• Extrait de... Rencontre d'une vie.

    « Oui, j’aime bien la solitude, lui répondis-je, et j’adore cet endroit perdu ! ».

     Les endroits perdus sont bons pour trouver son chemin, n’est-ce pas?

    Il s’assit sur une pierre, presque en face de moi et me proposa sa gourde. Je la refusai en le remerciant car je préférais endurer la soif plutôt que de boire à un goulot étranger. Il me rendit ma politesse avec un sourire qui remontait jusqu’aux oreilles. Ce sourire, c’était évident, ressemblait à une moquerie mais je n’en laissai rien paraître.
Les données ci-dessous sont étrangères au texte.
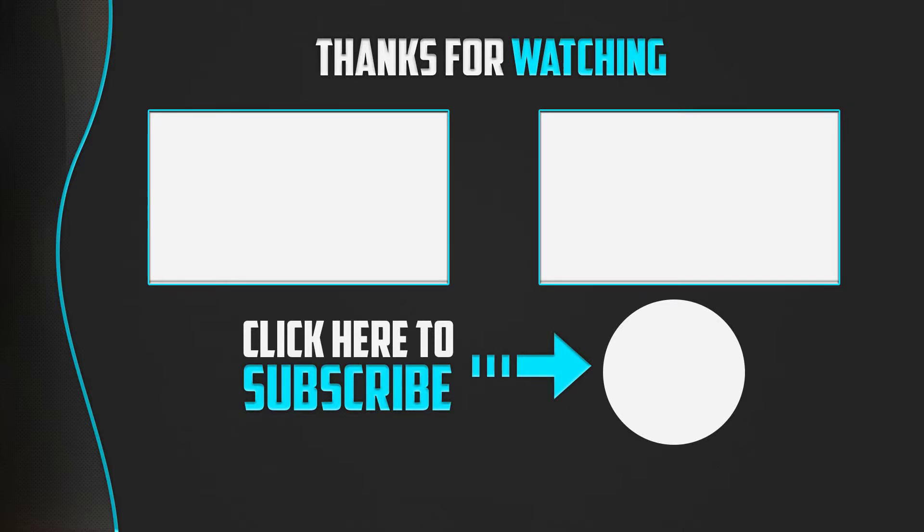Thanks for watching, guys. I hope you liked this video. If this video was helpful to you, please make sure to like, comment, and subscribe. If you have any questions related to these products, you can leave a comment down below and I will get back to you as soon as possible.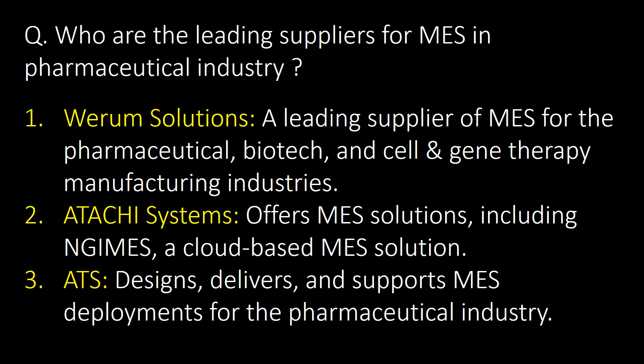Who are the leading suppliers for MES in the pharmaceutical industry? The three leading suppliers are: first, Verum Solutions; second, Atachi Systems; and third, ATS.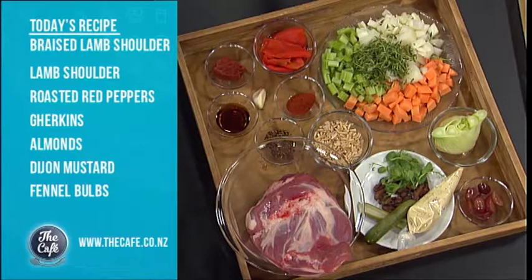Mark and Ganesh have lamb on the menu. Today they are cooking a lamb shoulder with a beautiful romesco sauce and a mustard sour cream. It's great to have Ganesh back in the cafe kitchen.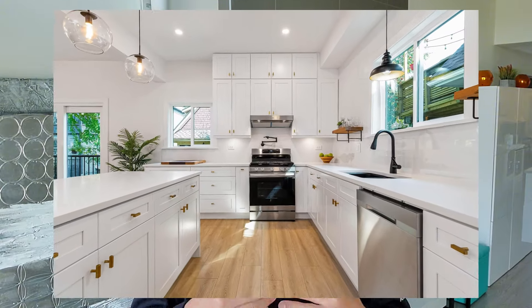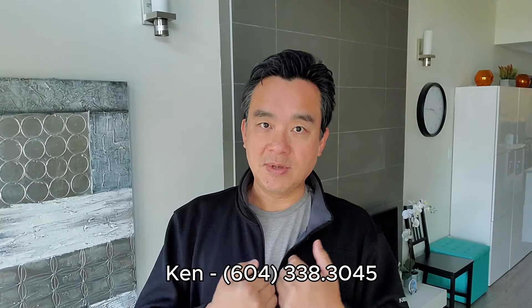Throughout this video, I'm going to show you pictures of projects that I have done. My name is Ken. I've done many renovations, big and small. So first of all, what is a mid-end renovation?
Nous restâmes de longues minutes à nous regarder dans les yeux sans prononcer un mot. Moi, parce que je nourrissais une suspicion à son égard : que pouvait bien vouloir cet homme mûr à un adolescent  qui semblait un peu perdu dans sa tête en un lieu tout aussi perdu ? Et lui visiblement, profitait de ce dialogue muet pour m’explorer plus profondément. Il me fit penser dans cet instant à un médecin détaillant le patient qui entre dans son cabinet. Ses yeux ne cessaient de sauter d’un point à l’autre de mon visage, d’une partie à l’autre de mon corps. Je me souviens d’avoir comparé son regard à celui de ces hommes qui se battent contre le courant des rivières, un tamis entre les mains fixant le fond caillouteux espérant voir surgir de l’eau la pépite d’or tant convoitée. Comme on chasse le papillon exceptionnel, celui qui d’un coup d’aile reposera dans un ordre nouveau toute une vie éparpillée dans les traverses des cités, de ces cités qui nous dérobent nos intimités pour les fondre en une seule, celle du citoyen.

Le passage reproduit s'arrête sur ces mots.